Various items are traded in the stock market. Such include bonds, stocks and commodities.
These securities can be traded and obtained for either short or long terms. Either security can be acquired by different bodies such as government or companies or even individuals and mutual funds.
- What are stocks?
Stocks can be defined as a share of ownership in a corporation. It is also considered as shares, equities or capital stock. These shares can either be bought or sold in a centralized market called the stock market, in order to raise money, support business activities and investments. There are different factors in determining stock share prices. Most investors evaluate prices by means of the P/E ratio or price-to-earnings ratio. These calculations are essential in the sense that they determine the effectiveness of the company’s business operation against the over-all stock market.
- What are bonds?
Bonds are interest-bearing notes or certificates issued by governments and companies. Bonds are acquired by an investor for an agreement of interest in return.

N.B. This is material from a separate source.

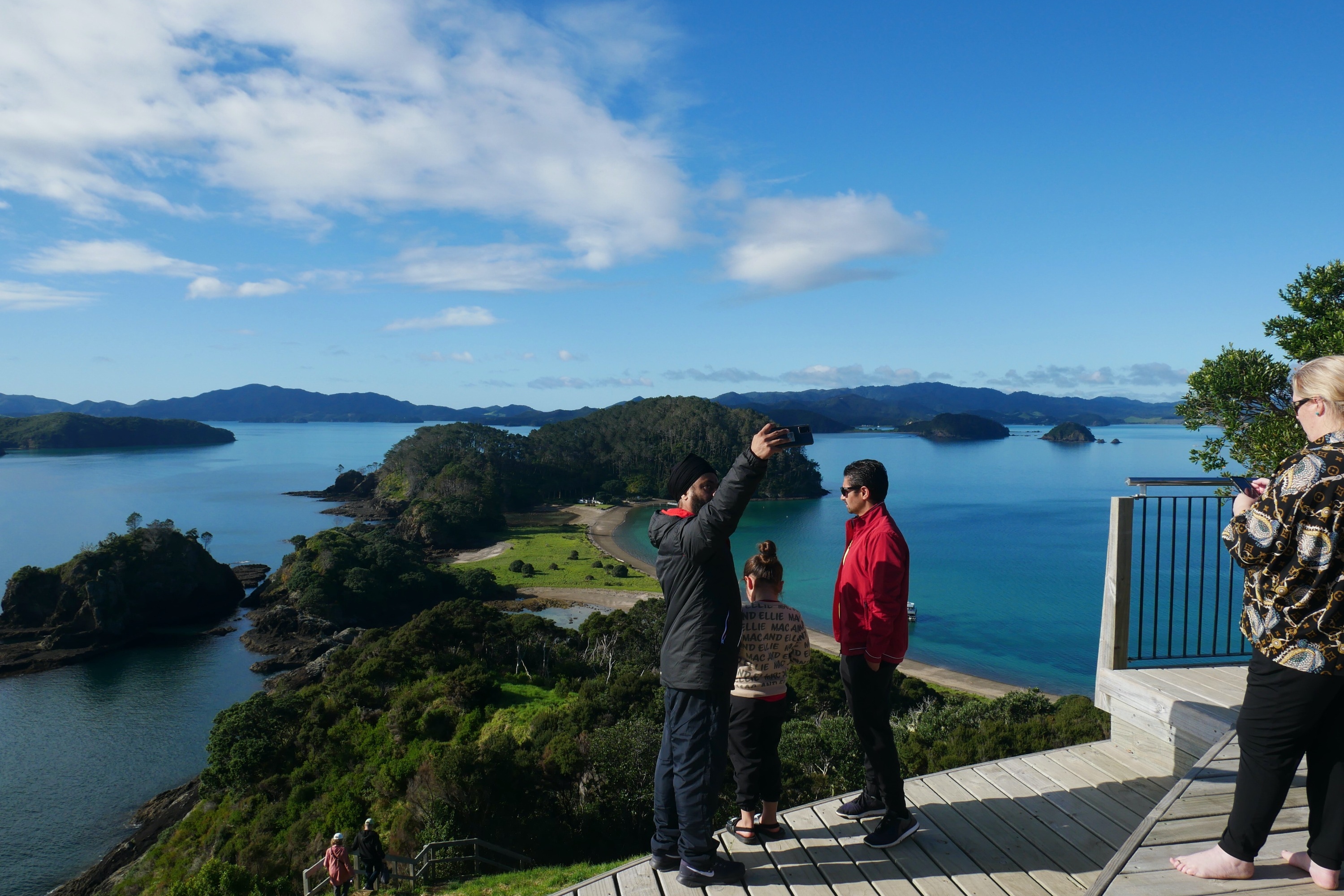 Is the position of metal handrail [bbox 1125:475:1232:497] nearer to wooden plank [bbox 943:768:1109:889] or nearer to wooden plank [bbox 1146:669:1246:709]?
wooden plank [bbox 1146:669:1246:709]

Basically, the one who purchases the bond is loaning money. Bonds have to be repaid on its maturity date. Maturities are classified into three: the short(less than one year), the medium (ranges from 1-10 years) and long (exceeding 10 years). Treasuries or government bonds are considered as the most secure venture.
- What are commodities?
Commodities are essentially material goods that can be bought or sold in the stock market. Common commodities are comprised of metals, agricultural merchandise and industrial utilities such as oil and gas. These commodities are traded under special exchanges and are treated very well specially those on utilities like petroleum and gas.
Owning, Pricing and Trading
Bonds, stocks and commodities can be traded and acquired by investors. However, each has a different means of acquisition. Stocks are held in portfolios and owned over periods of time. Some companies allow stockholders to share profits in the company. Such is called a dividend.
Bonds can also be traded. But these are to be held for long investment terms and must be paid with a fixed amount yearly. Usually, bonds have $1,000 face value, representing the amount to be repaid at maturity date.
Among the three, commodity prices are the most unstable. These products rely heavily on supply and demand. Natural calamities, agricultural problems, economical and political instability and the like affect the prices. Every commodity is priced distinctively. Each has a “spot” and “future” price. Spot prices represent prices as if it were supplied at the moment, whereas future price are market expectations basing on various outside factors.
Hazards and benefits
Bonds, stocks and commodities provide investors with both hazards and benefits. Usually, short-term investments are more prone to jeopardy but at the same time, higher revenues. Long term ventures, on the other hand, offer more steady revenues and lower risk rates. Economic experts and analysts have come to an agreement that combining these three ventures can lead to a more successful investment.